**DATA RECORDS**
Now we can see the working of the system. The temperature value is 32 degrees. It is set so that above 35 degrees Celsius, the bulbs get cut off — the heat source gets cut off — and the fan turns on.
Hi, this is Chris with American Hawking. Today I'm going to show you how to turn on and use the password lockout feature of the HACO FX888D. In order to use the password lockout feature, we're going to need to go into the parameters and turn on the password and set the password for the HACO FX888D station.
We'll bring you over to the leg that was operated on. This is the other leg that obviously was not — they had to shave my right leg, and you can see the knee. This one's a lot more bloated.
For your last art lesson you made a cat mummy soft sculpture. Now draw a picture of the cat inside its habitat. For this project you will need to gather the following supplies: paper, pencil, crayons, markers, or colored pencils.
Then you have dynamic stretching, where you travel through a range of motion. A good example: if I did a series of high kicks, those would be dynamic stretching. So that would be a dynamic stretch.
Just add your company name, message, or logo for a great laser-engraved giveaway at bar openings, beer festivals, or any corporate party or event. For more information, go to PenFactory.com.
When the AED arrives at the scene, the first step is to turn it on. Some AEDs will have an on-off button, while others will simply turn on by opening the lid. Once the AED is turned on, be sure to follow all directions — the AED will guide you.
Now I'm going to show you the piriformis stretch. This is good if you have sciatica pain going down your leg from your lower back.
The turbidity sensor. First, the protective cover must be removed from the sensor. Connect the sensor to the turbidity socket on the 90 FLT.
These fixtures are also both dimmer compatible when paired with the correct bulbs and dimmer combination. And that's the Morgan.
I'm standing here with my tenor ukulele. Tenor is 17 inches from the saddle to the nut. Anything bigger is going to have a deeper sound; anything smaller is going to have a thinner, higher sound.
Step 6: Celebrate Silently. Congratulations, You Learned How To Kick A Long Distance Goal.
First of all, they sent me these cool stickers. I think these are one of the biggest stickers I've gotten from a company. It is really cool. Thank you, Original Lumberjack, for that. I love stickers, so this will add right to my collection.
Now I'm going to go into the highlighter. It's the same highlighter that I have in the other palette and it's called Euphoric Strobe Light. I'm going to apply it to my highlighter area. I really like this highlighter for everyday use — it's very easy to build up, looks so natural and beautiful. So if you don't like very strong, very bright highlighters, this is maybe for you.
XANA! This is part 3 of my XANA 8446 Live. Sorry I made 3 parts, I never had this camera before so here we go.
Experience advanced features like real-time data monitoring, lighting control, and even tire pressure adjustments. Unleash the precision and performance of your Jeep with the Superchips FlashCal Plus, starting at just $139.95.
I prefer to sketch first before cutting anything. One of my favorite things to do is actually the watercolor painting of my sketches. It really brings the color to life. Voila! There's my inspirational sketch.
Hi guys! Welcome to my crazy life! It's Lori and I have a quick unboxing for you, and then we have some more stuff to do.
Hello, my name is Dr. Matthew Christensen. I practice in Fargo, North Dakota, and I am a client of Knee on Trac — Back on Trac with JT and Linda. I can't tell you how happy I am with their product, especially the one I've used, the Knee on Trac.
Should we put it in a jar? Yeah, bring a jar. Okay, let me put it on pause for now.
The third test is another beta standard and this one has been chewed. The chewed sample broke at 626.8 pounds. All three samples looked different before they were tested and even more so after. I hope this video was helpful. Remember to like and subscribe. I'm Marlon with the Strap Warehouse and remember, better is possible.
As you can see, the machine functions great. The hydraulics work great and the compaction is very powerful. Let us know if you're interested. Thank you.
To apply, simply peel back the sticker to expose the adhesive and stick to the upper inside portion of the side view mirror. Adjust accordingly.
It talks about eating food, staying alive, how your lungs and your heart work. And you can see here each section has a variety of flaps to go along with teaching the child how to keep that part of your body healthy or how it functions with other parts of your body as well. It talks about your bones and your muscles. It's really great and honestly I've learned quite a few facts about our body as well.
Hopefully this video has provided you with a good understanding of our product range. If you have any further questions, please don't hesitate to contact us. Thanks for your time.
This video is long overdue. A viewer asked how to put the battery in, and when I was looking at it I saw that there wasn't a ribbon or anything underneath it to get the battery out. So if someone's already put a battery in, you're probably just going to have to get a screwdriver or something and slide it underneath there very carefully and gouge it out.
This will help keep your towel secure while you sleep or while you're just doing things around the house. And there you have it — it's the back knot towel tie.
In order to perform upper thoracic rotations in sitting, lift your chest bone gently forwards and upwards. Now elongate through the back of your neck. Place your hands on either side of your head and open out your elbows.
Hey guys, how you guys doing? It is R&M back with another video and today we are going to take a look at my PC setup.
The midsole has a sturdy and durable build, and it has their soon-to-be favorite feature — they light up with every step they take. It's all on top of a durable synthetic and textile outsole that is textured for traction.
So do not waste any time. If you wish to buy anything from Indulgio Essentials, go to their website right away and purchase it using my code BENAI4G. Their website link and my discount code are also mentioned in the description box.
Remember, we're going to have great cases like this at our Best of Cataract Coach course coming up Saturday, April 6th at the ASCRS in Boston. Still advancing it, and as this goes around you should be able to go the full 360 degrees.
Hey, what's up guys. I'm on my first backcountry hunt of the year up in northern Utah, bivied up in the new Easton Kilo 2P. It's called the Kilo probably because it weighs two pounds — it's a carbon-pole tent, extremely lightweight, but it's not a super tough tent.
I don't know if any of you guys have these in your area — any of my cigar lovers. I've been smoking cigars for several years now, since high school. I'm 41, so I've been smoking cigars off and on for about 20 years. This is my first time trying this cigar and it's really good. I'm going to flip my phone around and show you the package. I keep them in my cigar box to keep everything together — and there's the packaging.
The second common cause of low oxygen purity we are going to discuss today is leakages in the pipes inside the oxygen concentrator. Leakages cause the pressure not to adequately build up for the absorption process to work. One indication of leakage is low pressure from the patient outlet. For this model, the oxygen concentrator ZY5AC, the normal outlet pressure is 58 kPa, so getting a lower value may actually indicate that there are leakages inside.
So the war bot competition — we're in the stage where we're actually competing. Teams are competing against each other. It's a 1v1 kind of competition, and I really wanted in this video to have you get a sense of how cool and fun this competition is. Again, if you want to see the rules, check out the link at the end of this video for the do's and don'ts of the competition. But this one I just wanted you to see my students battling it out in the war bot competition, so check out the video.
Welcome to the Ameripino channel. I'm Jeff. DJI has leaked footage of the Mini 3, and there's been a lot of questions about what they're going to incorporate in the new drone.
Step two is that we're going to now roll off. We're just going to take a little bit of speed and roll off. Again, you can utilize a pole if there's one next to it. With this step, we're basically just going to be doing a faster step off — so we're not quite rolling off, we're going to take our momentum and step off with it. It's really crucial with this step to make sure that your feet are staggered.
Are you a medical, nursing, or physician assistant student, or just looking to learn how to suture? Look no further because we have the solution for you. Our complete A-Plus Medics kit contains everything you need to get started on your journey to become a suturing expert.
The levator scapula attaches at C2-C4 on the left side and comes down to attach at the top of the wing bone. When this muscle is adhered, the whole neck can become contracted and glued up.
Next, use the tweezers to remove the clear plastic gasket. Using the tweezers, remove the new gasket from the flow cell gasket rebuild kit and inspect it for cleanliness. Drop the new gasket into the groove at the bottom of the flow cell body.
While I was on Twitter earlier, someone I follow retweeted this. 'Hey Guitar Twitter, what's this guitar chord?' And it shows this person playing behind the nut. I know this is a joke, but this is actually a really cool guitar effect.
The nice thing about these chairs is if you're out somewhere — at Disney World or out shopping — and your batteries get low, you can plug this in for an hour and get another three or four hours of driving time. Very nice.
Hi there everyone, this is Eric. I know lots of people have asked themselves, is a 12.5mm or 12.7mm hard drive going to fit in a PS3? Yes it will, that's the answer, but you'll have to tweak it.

**AIM OF THE EXERCISE**
Word for word, retype each record.

**EXERCISE SOLUTION**
Now we can see the working of the system. The temperature value is 32 degrees. It is set so that above 35 degrees Celsius, the bulbs get cut off — the heat source gets cut off — and the fan turns on.
Hi, this is Chris with American Hawking. Today I'm going to show you how to turn on and use the password lockout feature of the HACO FX888D. In order to use the password lockout feature, we're going to need to go into the parameters and turn on the password and set the password for the HACO FX888D station.
We'll bring you over to the leg that was operated on. This is the other leg that obviously was not — they had to shave my right leg, and you can see the knee. This one's a lot more bloated.
For your last art lesson you made a cat mummy soft sculpture. Now draw a picture of the cat inside its habitat. For this project you will need to gather the following supplies: paper, pencil, crayons, markers, or colored pencils.
Then you have dynamic stretching, where you travel through a range of motion. A good example: if I did a series of high kicks, those would be dynamic stretching. So that would be a dynamic stretch.
Just add your company name, message, or logo for a great laser-engraved giveaway at bar openings, beer festivals, or any corporate party or event. For more information, go to PenFactory.com.
When the AED arrives at the scene, the first step is to turn it on. Some AEDs will have an on-off button, while others will simply turn on by opening the lid. Once the AED is turned on, be sure to follow all directions — the AED will guide you.
Now I'm going to show you the piriformis stretch. This is good if you have sciatica pain going down your leg from your lower back.
The turbidity sensor. First, the protective cover must be removed from the sensor. Connect the sensor to the turbidity socket on the 90 FLT.
These fixtures are also both dimmer compatible when paired with the correct bulbs and dimmer combination. And that's the Morgan.
I'm standing here with my tenor ukulele. Tenor is 17 inches from the saddle to the nut. Anything bigger is going to have a deeper sound; anything smaller is going to have a thinner, higher sound.
Step 6: Celebrate Silently. Congratulations, You Learned How To Kick A Long Distance Goal.
First of all, they sent me these cool stickers. I think these are one of the biggest stickers I've gotten from a company. It is really cool. Thank you, Original Lumberjack, for that. I love stickers, so this will add right to my collection.
Now I'm going to go into the highlighter. It's the same highlighter that I have in the other palette and it's called Euphoric Strobe Light. I'm going to apply it to my highlighter area. I really like this highlighter for everyday use — it's very easy to build up, looks so natural and beautiful. So if you don't like very strong, very bright highlighters, this is maybe for you.
XANA! This is part 3 of my XANA 8446 Live. Sorry I made 3 parts, I never had this camera before so here we go.
Experience advanced features like real-time data monitoring, lighting control, and even tire pressure adjustments. Unleash the precision and performance of your Jeep with the Superchips FlashCal Plus, starting at just $139.95.
I prefer to sketch first before cutting anything. One of my favorite things to do is actually the watercolor painting of my sketches. It really brings the color to life. Voila! There's my inspirational sketch.
Hi guys! Welcome to my crazy life! It's Lori and I have a quick unboxing for you, and then we have some more stuff to do.
Hello, my name is Dr. Matthew Christensen. I practice in Fargo, North Dakota, and I am a client of Knee on Trac — Back on Trac with JT and Linda. I can't tell you how happy I am with their product, especially the one I've used, the Knee on Trac.
Should we put it in a jar? Yeah, bring a jar. Okay, let me put it on pause for now.
The third test is another beta standard and this one has been chewed. The chewed sample broke at 626.8 pounds. All three samples looked different before they were tested and even more so after. I hope this video was helpful. Remember to like and subscribe. I'm Marlon with the Strap Warehouse and remember, better is possible.
As you can see, the machine functions great. The hydraulics work great and the compaction is very powerful. Let us know if you're interested. Thank you.
To apply, simply peel back the sticker to expose the adhesive and stick to the upper inside portion of the side view mirror. Adjust accordingly.
It talks about eating food, staying alive, how your lungs and your heart work. And you can see here each section has a variety of flaps to go along with teaching the child how to keep that part of your body healthy or how it functions with other parts of your body as well. It talks about your bones and your muscles. It's really great and honestly I've learned quite a few facts about our body as well.
Hopefully this video has provided you with a good understanding of our product range. If you have any further questions, please don't hesitate to contact us. Thanks for your time.
This video is long overdue. A viewer asked how to put the battery in, and when I was looking at it I saw that there wasn't a ribbon or anything underneath it to get the battery out. So if someone's already put a battery in, you're probably just going to have to get a screwdriver or something and slide it underneath there very carefully and gouge it out.
This will help keep your towel secure while you sleep or while you're just doing things around the house. And there you have it — it's the back knot towel tie.
In order to perform upper thoracic rotations in sitting, lift your chest bone gently forwards and upwards. Now elongate through the back of your neck. Place your hands on either side of your head and open out your elbows.
Hey guys, how you guys doing? It is R&M back with another video and today we are going to take a look at my PC setup.
The midsole has a sturdy and durable build, and it has their soon-to-be favorite feature — they light up with every step they take. It's all on top of a durable synthetic and textile outsole that is textured for traction.
So do not waste any time. If you wish to buy anything from Indulgio Essentials, go to their website right away and purchase it using my code BENAI4G. Their website link and my discount code are also mentioned in the description box.
Remember, we're going to have great cases like this at our Best of Cataract Coach course coming up Saturday, April 6th at the ASCRS in Boston. Still advancing it, and as this goes around you should be able to go the full 360 degrees.
Hey, what's up guys. I'm on my first backcountry hunt of the year up in northern Utah, bivied up in the new Easton Kilo 2P. It's called the Kilo probably because it weighs two pounds — it's a carbon-pole tent, extremely lightweight, but it's not a super tough tent.
I don't know if any of you guys have these in your area — any of my cigar lovers. I've been smoking cigars for several years now, since high school. I'm 41, so I've been smoking cigars off and on for about 20 years. This is my first time trying this cigar and it's really good. I'm going to flip my phone around and show you the package. I keep them in my cigar box to keep everything together — and there's the packaging.
The second common cause of low oxygen purity we are going to discuss today is leakages in the pipes inside the oxygen concentrator. Leakages cause the pressure not to adequately build up for the absorption process to work. One indication of leakage is low pressure from the patient outlet. For this model, the oxygen concentrator ZY5AC, the normal outlet pressure is 58 kPa, so getting a lower value may actually indicate that there are leakages inside.
So the war bot competition — we're in the stage where we're actually competing. Teams are competing against each other. It's a 1v1 kind of competition, and I really wanted in this video to have you get a sense of how cool and fun this competition is. Again, if you want to see the rules, check out the link at the end of this video for the do's and don'ts of the competition. But this one I just wanted you to see my students battling it out in the war bot competition, so check out the video.
Welcome to the Ameripino channel. I'm Jeff. DJI has leaked footage of the Mini 3, and there's been a lot of questions about what they're going to incorporate in the new drone.
Step two is that we're going to now roll off. We're just going to take a little bit of speed and roll off. Again, you can utilize a pole if there's one next to it. With this step, we're basically just going to be doing a faster step off — so we're not quite rolling off, we're going to take our momentum and step off with it. It's really crucial with this step to make sure that your feet are staggered.
Are you a medical, nursing, or physician assistant student, or just looking to learn how to suture? Look no further because we have the solution for you. Our complete A-Plus Medics kit contains everything you need to get started on your journey to become a suturing expert.
The levator scapula attaches at C2-C4 on the left side and comes down to attach at the top of the wing bone. When this muscle is adhered, the whole neck can become contracted and glued up.
Next, use the tweezers to remove the clear plastic gasket. Using the tweezers, remove the new gasket from the flow cell gasket rebuild kit and inspect it for cleanliness. Drop the new gasket into the groove at the bottom of the flow cell body.
While I was on Twitter earlier, someone I follow retweeted this. 'Hey Guitar Twitter, what's this guitar chord?' And it shows this person playing behind the nut. I know this is a joke, but this is actually a really cool guitar effect.
The nice thing about these chairs is if you're out somewhere — at Disney World or out shopping — and your batteries get low, you can plug this in for an hour and get another three or four hours of driving time. Very nice.
Hi there everyone, this is Eric. I know lots of people have asked themselves, is a 12.5mm or 12.7mm hard drive going to fit in a PS3? Yes it will, that's the answer, but you'll have to tweak it.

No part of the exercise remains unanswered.